Ce défi que s’est fixé l’école catholique n’est-il pas utopique ? « Si on ne rêve pas, rétorque le père Marouan Tabet, on n’y arrivera jamais. Il est indispensable de placer la barre bien haut et de travailler de manière assidue à atteindre cet objectif ».
L’optimisme du père Marouan Tabet est rassurant. Certes, la crise que les écoles catholiques traversent est grave, et il est dommage que certains parents aient dû retirer leurs enfants des écoles catholiques faute d’avoir pu respecter leurs engagements envers celles-ci, mais les listes d’attente pour l’inscription de nouveaux élèves sont longues et nombreux sont les établissements qui se voient contraints de refuser des élèves faute de places disponibles. D’ailleurs, les institutions n’ont pas arrêté d’aller de l’avant afin de développer leurs équipements et leurs installations. Il faut persévérer afin d’être toujours à la hauteur, conclut le père Marouan Tabet, (en attendant cette solution radicale promise), sinon comment le système pourrait-il continuer ?
Qui est le père Marouan Tabet ?
Né à Bhamdoun, le père Marouan Tabet appartient à la congrégation des missionnaires libanais maronites. Ce simple prêtre, c’est ainsi qu’il se qualifie, est issu d’une famille modeste et rechigne à parler de lui-même.
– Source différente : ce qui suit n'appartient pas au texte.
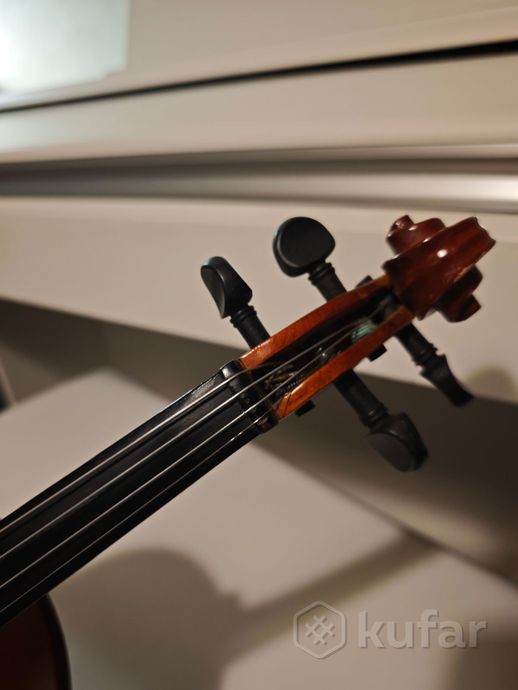 Скрипка ученическая Sonata 1/4 — фото 3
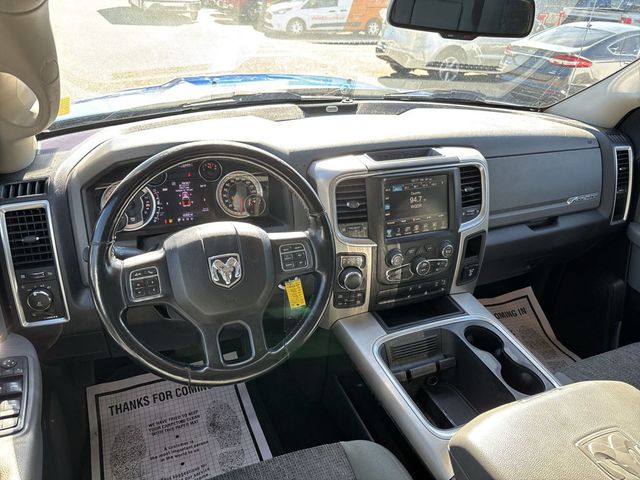 2017 Ram 1500  - 22776375 - 21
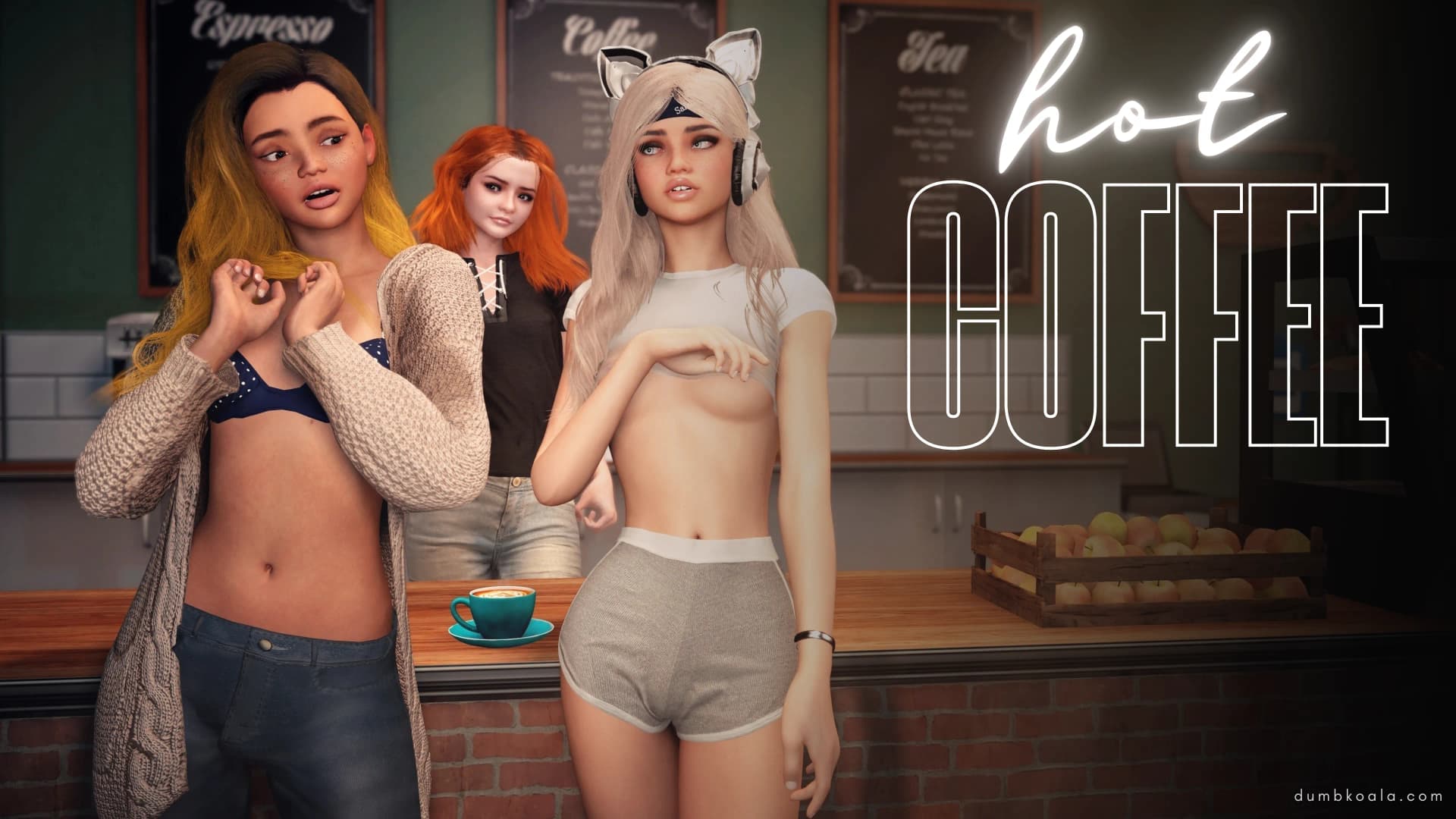 Hot Coffee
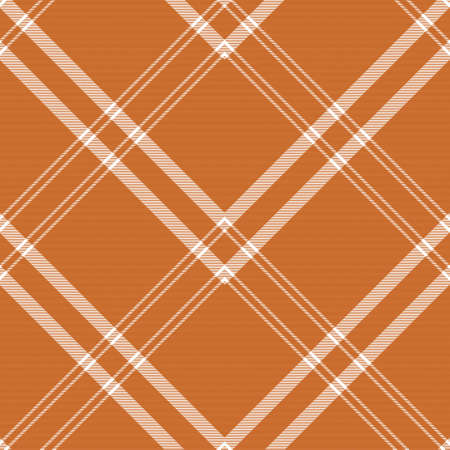 Brown Chevron Plaid Tartan textured pattern design suitable for fashion textiles and graphicsのイラスト素材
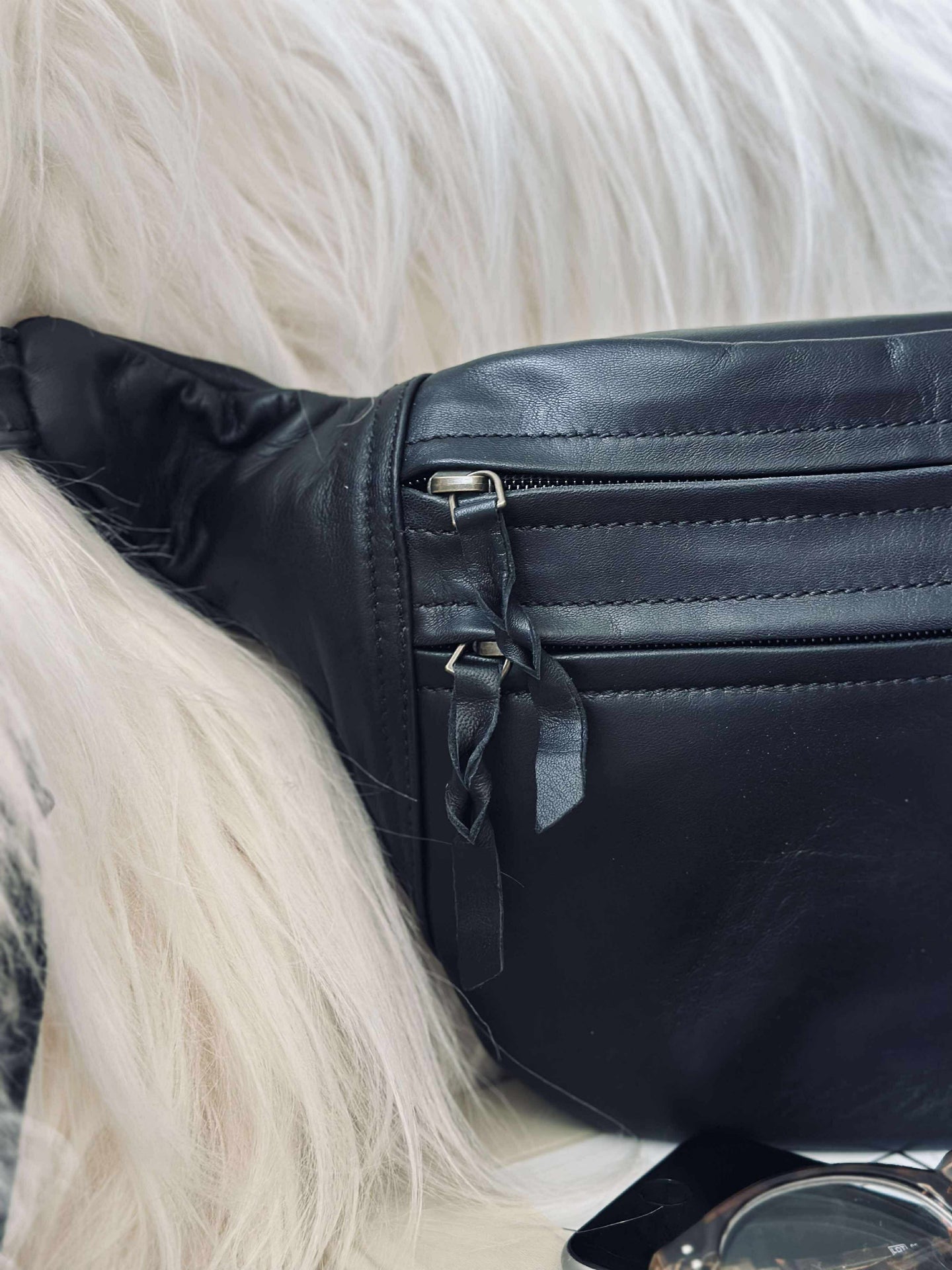 Bumbag Big Selma - Svart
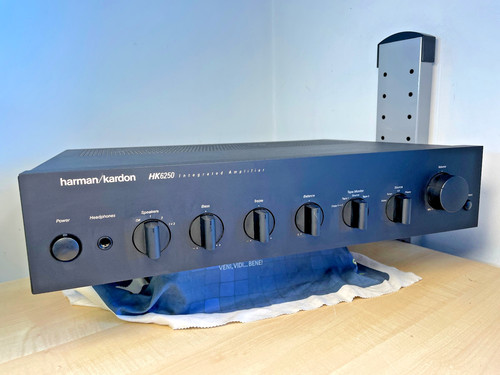 Amplificatore integrato harman - amplificatore,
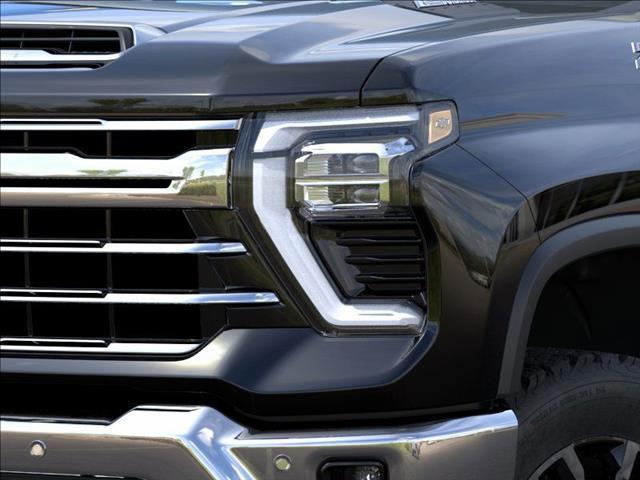 new 2025 Chevrolet Silverado 2500 car, priced at $73,995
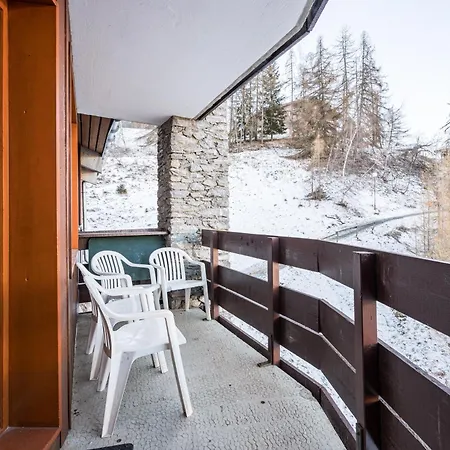 Lägenhet 46 - Les Coches *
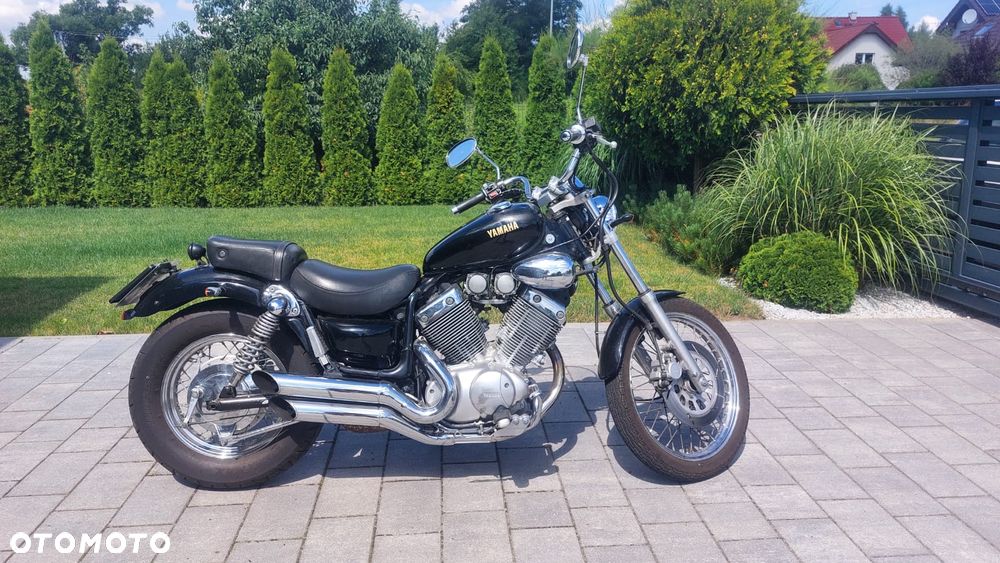 Yamaha Virago - 7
Après avoir obtenu 3 licences au Liban, il s’est rendu aux États-Unis où il a passé de nombreuses années. Actuellement détenteur de deux maîtrises en organisation scolaire et en philosophie politique, le père Marouan Tabet a aussi obtenu un doctorat en gestion scolaire. Son sujet de thèse a concerné le rôle des directeurs des écoles catholiques dans le Liban d’après-guerre. Élu en novembre 2002 comme secrétaire général des écoles catholiques, le père Marouan Tabet a occupé ses fonctions en février 2003, succédant ainsi à Mgr Camille Zeidan.
Anne-Marie EL-HAGE
Continuer à faire des écoles catholiques des institutions actives au service de tous les Libanais, préserver la solidarité de l’école catholique face aux défis quotidiens, éduquer les futurs citoyens à vivre leur chrétienté et à croire au Liban comme message, dans un esprit de convivialité, mais aussi s’adapter à la mondialisation, tels sont les principaux objectifs...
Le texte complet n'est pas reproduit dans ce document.